### Listed entries
>>>
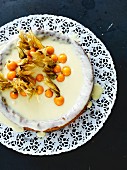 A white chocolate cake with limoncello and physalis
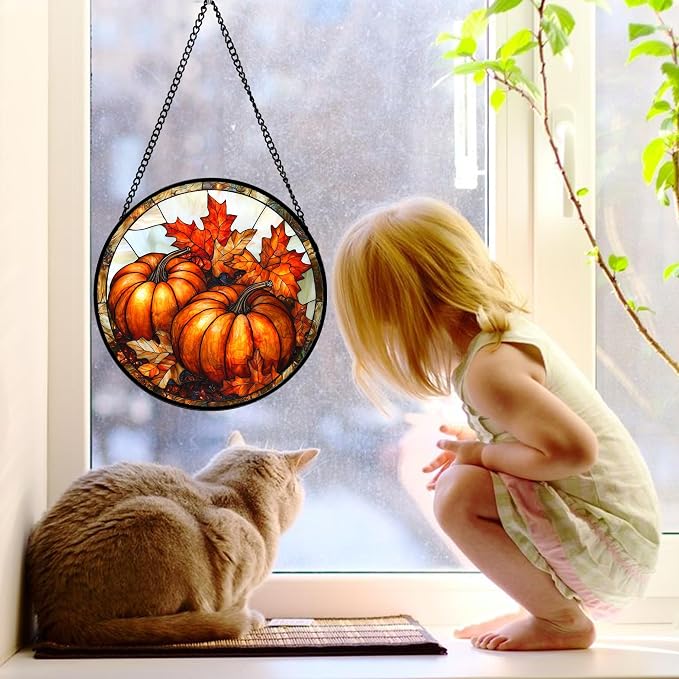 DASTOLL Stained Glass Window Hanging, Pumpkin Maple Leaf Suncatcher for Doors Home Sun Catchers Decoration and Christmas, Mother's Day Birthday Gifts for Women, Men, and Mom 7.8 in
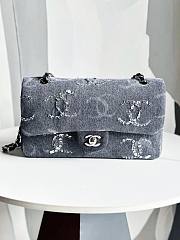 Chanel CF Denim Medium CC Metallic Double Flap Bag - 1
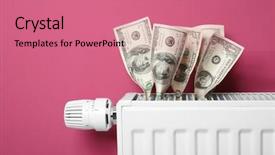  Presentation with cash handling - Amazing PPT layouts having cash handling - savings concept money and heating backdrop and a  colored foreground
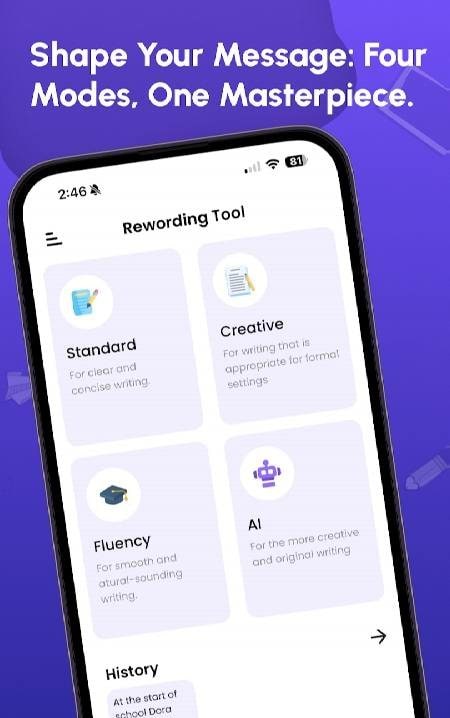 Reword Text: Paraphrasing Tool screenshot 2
<<<
>>>
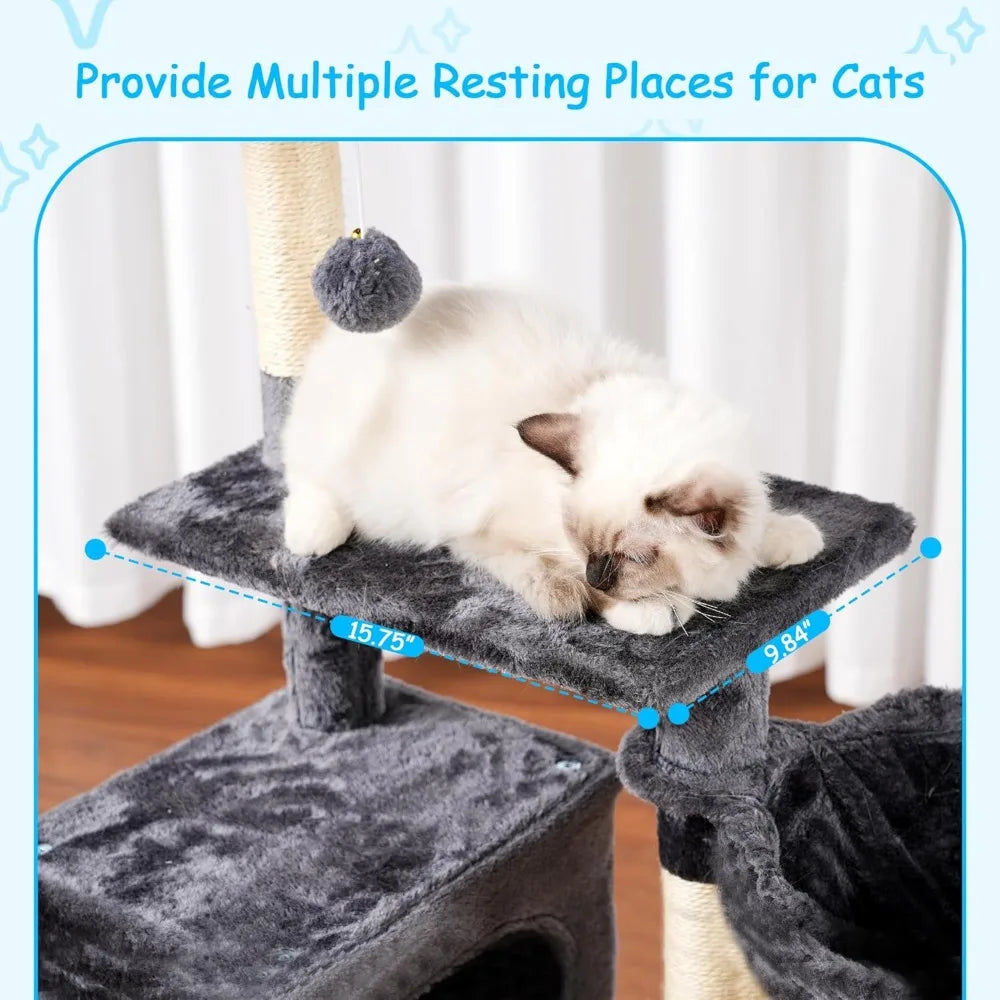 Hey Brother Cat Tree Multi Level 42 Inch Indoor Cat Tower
<<<
### Task goal
Repeat exactly, and only, the entries from the line with "A white chocolate" through the line with "Presentation with cash". Pictures are skipped.

### Answer box
 A white chocolate cake with limoncello and physalis
 DASTOLL Stained Glass Window Hanging, Pumpkin Maple Leaf Suncatcher for Doors Home Sun Catchers Decoration and Christmas, Mother's Day Birthday Gifts for Women, Men, and Mom 7.8 in
 Chanel CF Denim Medium CC Metallic Double Flap Bag - 1
  Presentation with cash handling - Amazing PPT layouts having cash handling - savings concept money and heating backdrop and a  colored foreground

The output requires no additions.